====== Data section

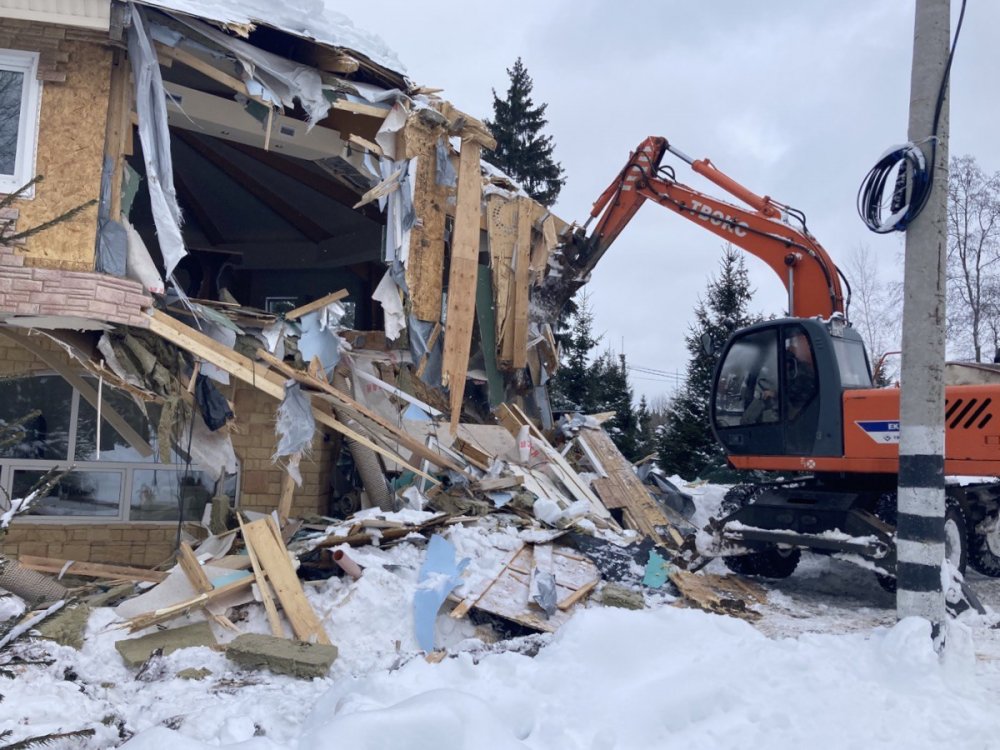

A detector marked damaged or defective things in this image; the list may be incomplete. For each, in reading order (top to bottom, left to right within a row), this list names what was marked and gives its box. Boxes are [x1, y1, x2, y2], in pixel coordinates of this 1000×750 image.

shattered window frame [0, 47, 40, 197]
shattered window frame [0, 374, 234, 524]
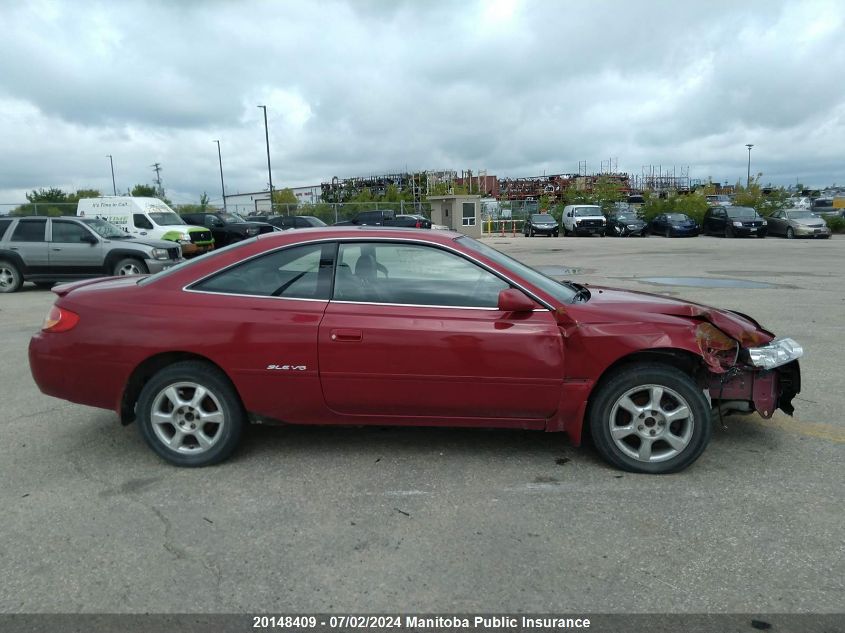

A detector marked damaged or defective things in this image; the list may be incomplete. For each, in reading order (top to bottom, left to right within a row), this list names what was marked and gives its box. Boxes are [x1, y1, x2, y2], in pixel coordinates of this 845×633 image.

damaged front end of car [692, 320, 804, 420]
broken headlight [744, 338, 804, 368]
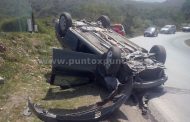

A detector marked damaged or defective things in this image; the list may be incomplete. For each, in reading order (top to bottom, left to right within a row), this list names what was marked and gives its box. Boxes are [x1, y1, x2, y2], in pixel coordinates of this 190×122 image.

detached front bumper [28, 80, 132, 121]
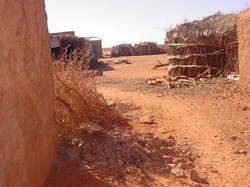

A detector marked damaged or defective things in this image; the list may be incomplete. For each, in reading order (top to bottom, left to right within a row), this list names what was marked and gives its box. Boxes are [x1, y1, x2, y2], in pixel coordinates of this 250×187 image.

cracked mud wall [0, 0, 57, 186]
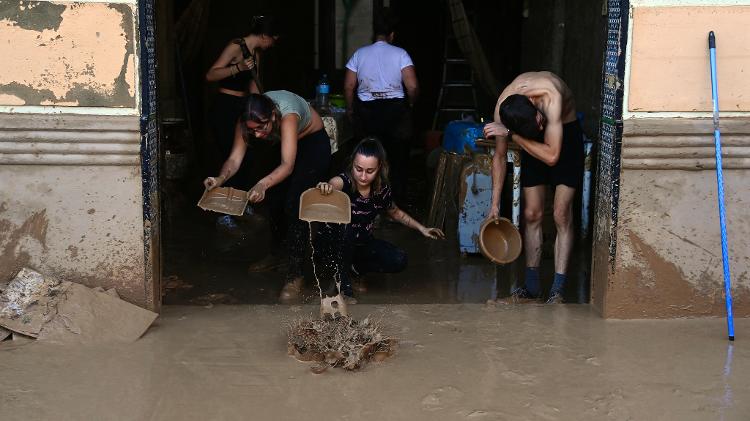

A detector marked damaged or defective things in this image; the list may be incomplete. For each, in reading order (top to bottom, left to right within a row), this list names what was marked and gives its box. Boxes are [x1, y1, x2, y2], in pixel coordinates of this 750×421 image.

peeling wall paint [0, 2, 135, 106]
damaged doorway [148, 0, 624, 308]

============

* _Task statement_
Please copy exactly the lines from the one containing "this 250×187 image." through the end of the records above, leaving out every picture.

* _Task response_
A detector marked damaged or defective things in this image; the list may be incomplete. For each, in reading order (top to bottom, left to right within a row), this list names what was marked and gives its box. Boxes are [x1, y1, x2, y2], in pixel coordinates of this 250×187 image.

cracked mud wall [0, 0, 57, 186]

A detector marked damaged or defective things in this image; the list may be incomplete. For each, in reading order (top to bottom, left to right within a row), this list names what was marked and gives its box. Boxes are [x1, y1, x2, y2], in pixel coordinates of this 750×421 image.

peeling wall paint [0, 2, 135, 106]
damaged doorway [148, 0, 624, 308]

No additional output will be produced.